## WORK INSTRUCTIONS
The line with "Acaine Zhizhiberry/mid-length v-neck" marks the first line to copy, and the line with "Rhody Rug Mayflower" marks the last. Transcribe that stretch of the data below exactly, without pictures.

## INPUT DATA
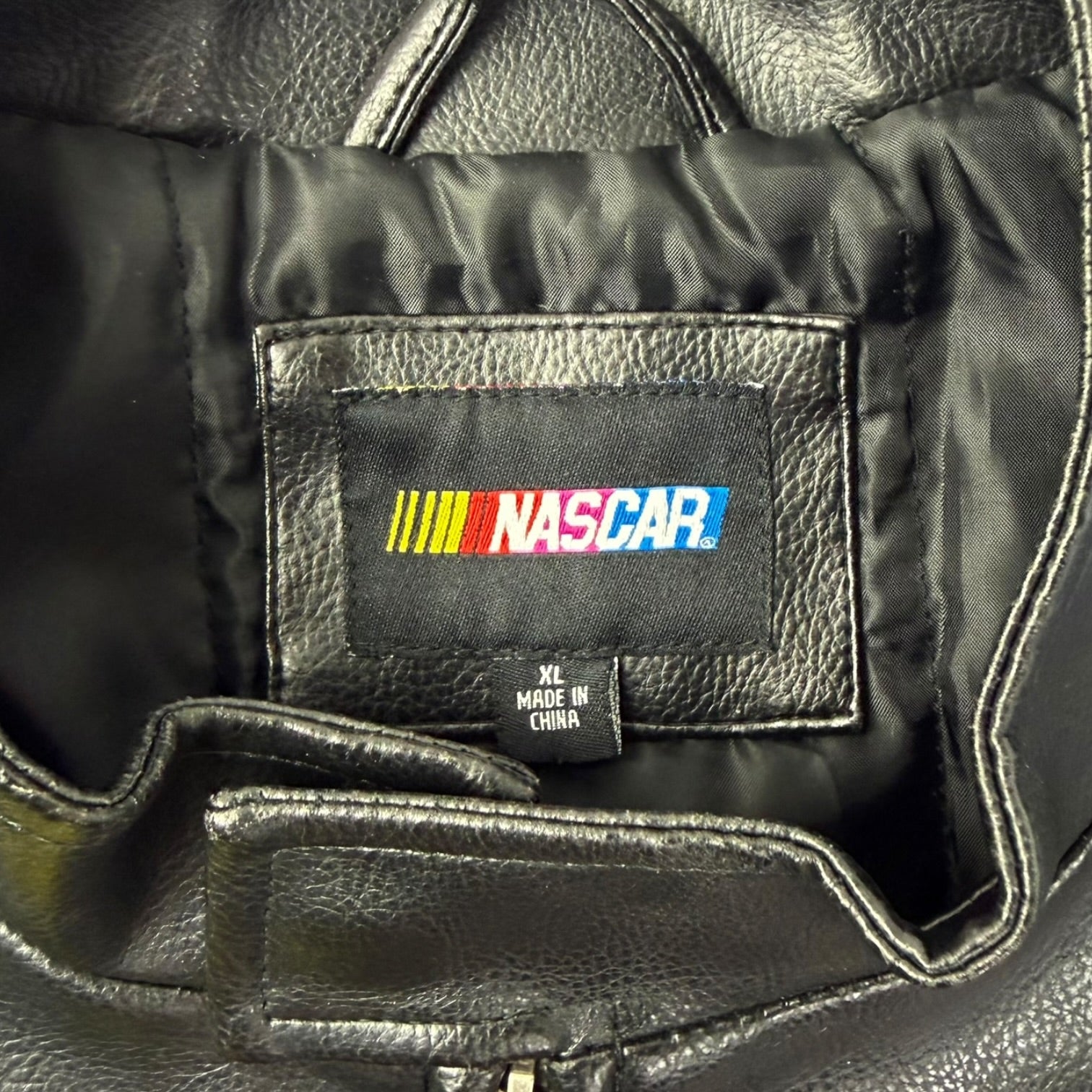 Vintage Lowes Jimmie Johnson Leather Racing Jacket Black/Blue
...
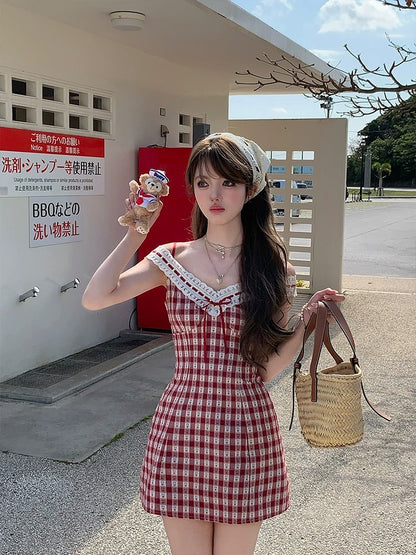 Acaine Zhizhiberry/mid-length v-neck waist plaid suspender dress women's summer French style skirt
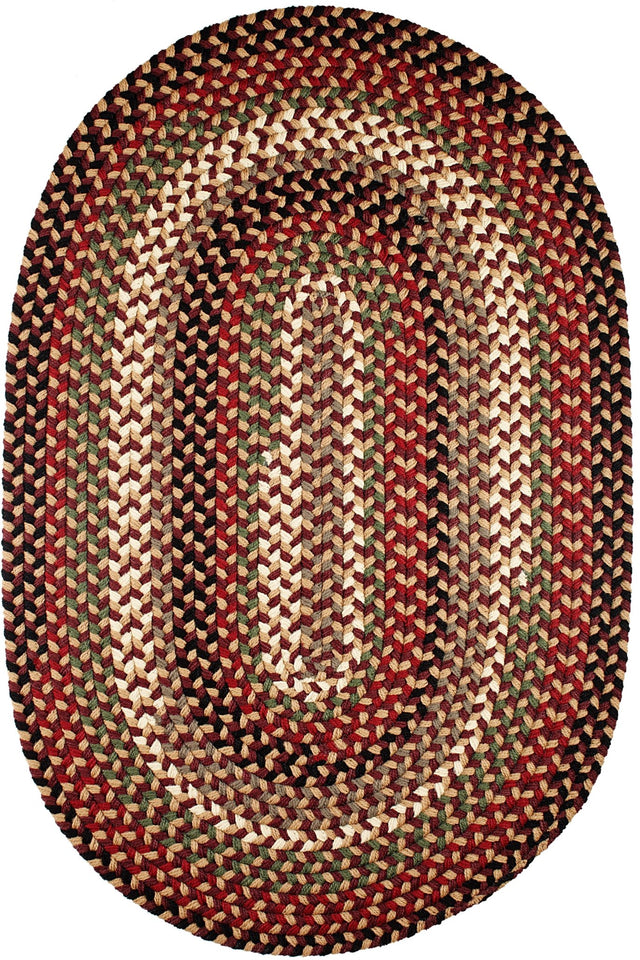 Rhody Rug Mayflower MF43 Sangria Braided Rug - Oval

## EXPECTED ANSWER
 Acaine Zhizhiberry/mid-length v-neck waist plaid suspender dress women's summer French style skirt
 Rhody Rug Mayflower MF43 Sangria Braided Rug - Oval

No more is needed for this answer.